(SOURCE MATERIAL begins)

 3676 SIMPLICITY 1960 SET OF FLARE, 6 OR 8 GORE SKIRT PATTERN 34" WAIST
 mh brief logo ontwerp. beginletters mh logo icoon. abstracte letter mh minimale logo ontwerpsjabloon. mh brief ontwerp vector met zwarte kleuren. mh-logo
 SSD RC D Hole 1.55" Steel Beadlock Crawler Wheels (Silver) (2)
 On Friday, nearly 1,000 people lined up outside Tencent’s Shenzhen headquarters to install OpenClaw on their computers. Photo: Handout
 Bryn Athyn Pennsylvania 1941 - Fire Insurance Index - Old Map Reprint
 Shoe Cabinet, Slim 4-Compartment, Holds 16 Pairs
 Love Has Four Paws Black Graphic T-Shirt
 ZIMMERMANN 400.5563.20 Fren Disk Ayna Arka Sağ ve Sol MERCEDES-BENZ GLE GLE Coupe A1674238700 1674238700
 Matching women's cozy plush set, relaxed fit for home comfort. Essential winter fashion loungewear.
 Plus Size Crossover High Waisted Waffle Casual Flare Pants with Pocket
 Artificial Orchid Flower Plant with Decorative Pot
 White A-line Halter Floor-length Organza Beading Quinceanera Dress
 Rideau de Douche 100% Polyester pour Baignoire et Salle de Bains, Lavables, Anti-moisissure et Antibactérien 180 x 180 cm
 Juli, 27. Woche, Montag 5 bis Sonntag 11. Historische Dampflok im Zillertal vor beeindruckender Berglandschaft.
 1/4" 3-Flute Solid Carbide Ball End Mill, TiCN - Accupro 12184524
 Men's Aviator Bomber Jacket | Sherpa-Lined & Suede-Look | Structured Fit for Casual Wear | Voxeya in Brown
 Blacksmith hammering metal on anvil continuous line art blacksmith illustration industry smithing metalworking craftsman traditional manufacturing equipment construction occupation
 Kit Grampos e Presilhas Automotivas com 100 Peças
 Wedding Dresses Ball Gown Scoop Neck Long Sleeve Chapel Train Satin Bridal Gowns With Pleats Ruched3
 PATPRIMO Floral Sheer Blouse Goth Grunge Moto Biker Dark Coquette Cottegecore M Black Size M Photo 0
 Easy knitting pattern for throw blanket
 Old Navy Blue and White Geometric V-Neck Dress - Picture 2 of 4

(SOURCE MATERIAL ends)

TASK TO CARRY OUT: From the entries above, give again exactly the lines running from the line with "Plus Size Crossover" to the line with "White A-line Halter"; include both of those lines.

RESULT FOR THIS EXERCISE:
 Plus Size Crossover High Waisted Waffle Casual Flare Pants with Pocket
 Artificial Orchid Flower Plant with Decorative Pot
 White A-line Halter Floor-length Organza Beading Quinceanera Dress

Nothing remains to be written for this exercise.